Аллегорическая зараза постепенно распространяется. Оказывается, тема шитья – присутствовавшая уже с начала повести в сцене примерки платья, заказанного синьором Бескапи, – тоже несла фигуральный смысл. Портной и импресарио Бескапи признается:
Я всегда казался себе таким человеком… которого прежде всего заботит, чтобы при раскрое сразу не испортить всего: как формы, так и стиля[570].
От истолкования к истолкованию область таинственного в повести сужается. Однако мы нигде не утрачиваем ощущения радующей неисчерпаемости, но лишь глубже понимаем, что все здесь подчинено одному – прихоти художника (переодетого под «маэстро Калло»).

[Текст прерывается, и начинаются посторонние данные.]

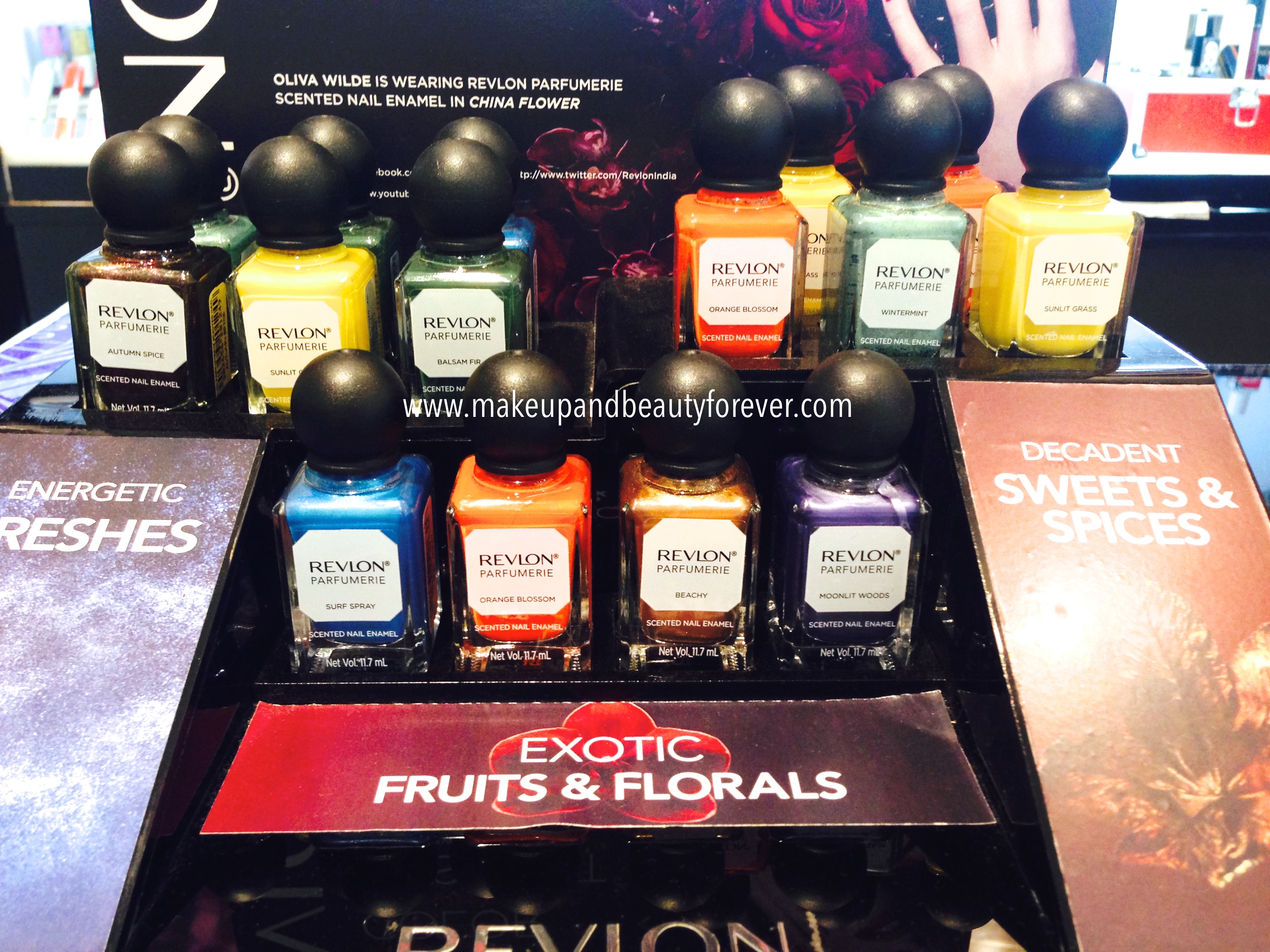 Revlon Parfumerie Scented Nail Enamel in Mint Color - wide 2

Существование и несуществование постоянно сменяемых героев – целиком в руках автора: через них он дает нам урок иронии. Королевство Урдар, помещенное у начал мира, само представляет собой зеркало, в котором сознанию художника открывается зрелище его собственных начал и последующих судеб. Это призма, преломляющая его собственное изображение. Он расщепляется на фигуры волшебников, злых духов, персонажей королевской крови, актеров, шарлатанов, но наделяет каждого из них частицей той творческой силы, которую расходовал, их создавая: все персонажи повести – художники разного мастерства и достоинства, и все они – отдаленные отсылки к свободному и полновластному автору, которого, каждый по-своему, воплощают. Он вбирает их всех в себя, как неоплатонический демиург, дав им временную жизнь на страницах книги. Последним из упомянутых в ряду родников и зеркал становится тот, в котором берет начало само повествование: «Здесь вдруг иссякает источник, из которого, благосклонный читатель, черпал издатель этих страниц»[571].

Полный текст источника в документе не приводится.